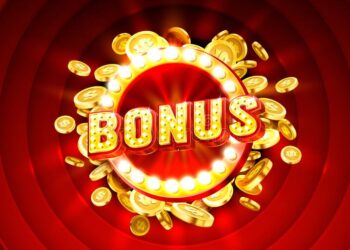 ¿Qué son los bonos de casino y cómo elegir el mejor?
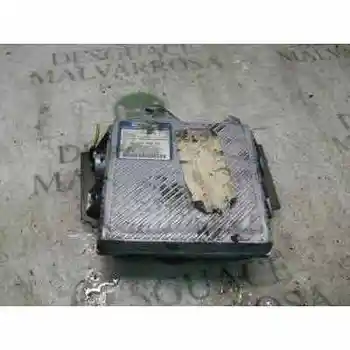 

SWITCHBOARD ENGINE UCE PEUGEOT 406 SALOON (S1/S2) STDT 9627453880 U. C. E. AE469 LUCAS [7669931]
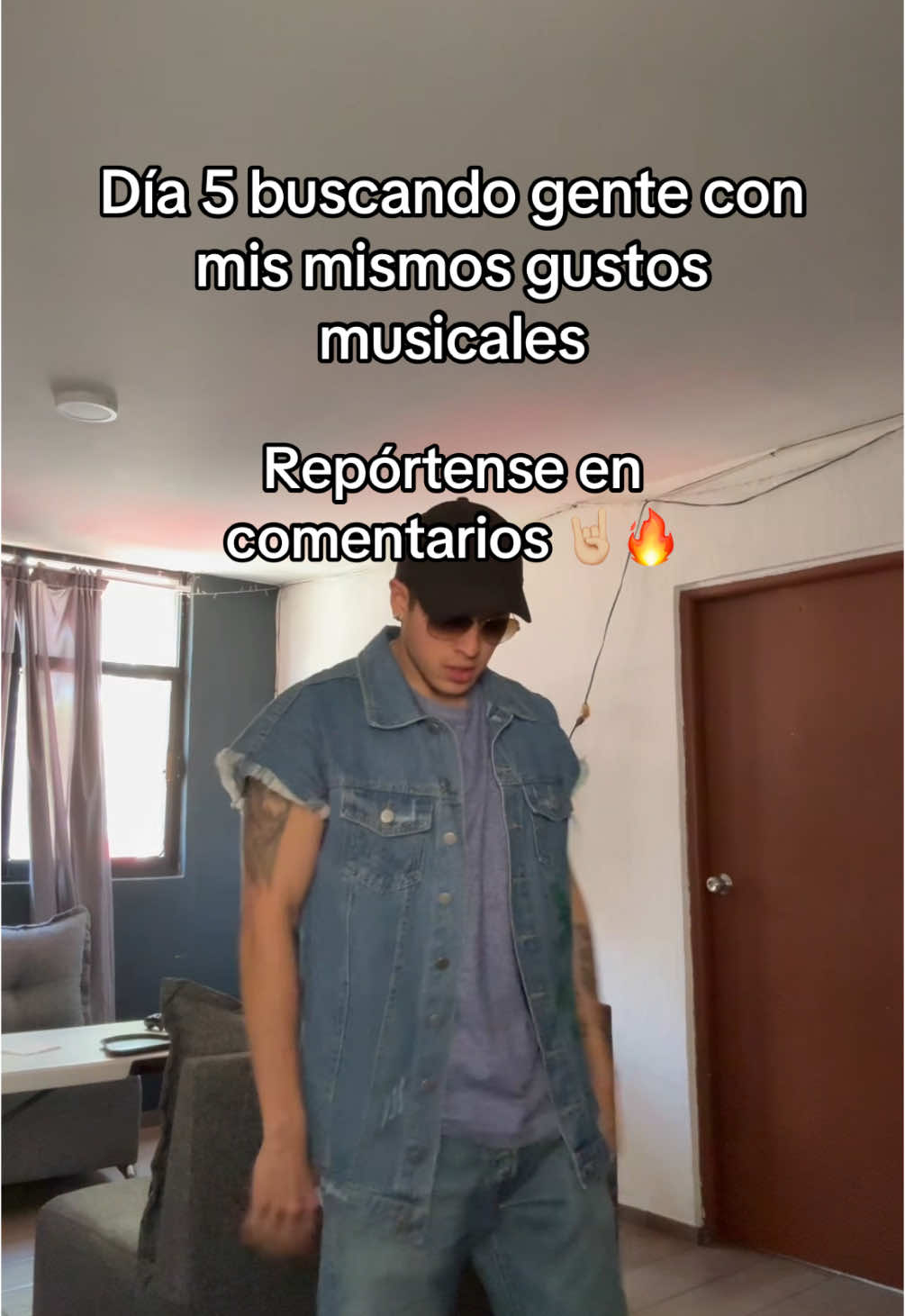 @lalo.munsuri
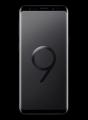 Samsung Galaxy S9 Black &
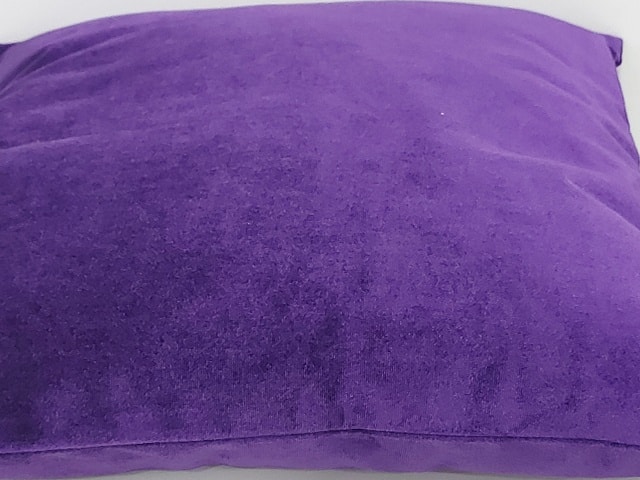 29470 coussin 46x46 mauve.jpg 29470 coussin 46x46 mauve.jpg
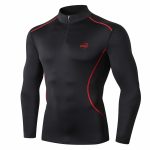 Compression Shirt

Try it: Every entry above should come back exactly as written, except for its pictures.

Result:
 ¿Qué son los bonos de casino y cómo elegir el mejor?

SWITCHBOARD ENGINE UCE PEUGEOT 406 SALOON (S1/S2) STDT 9627453880 U. C. E. AE469 LUCAS [7669931]
 @lalo.munsuri
 Samsung Galaxy S9 Black &
 29470 coussin 46x46 mauve.jpg 29470 coussin 46x46 mauve.jpg
 Compression Shirt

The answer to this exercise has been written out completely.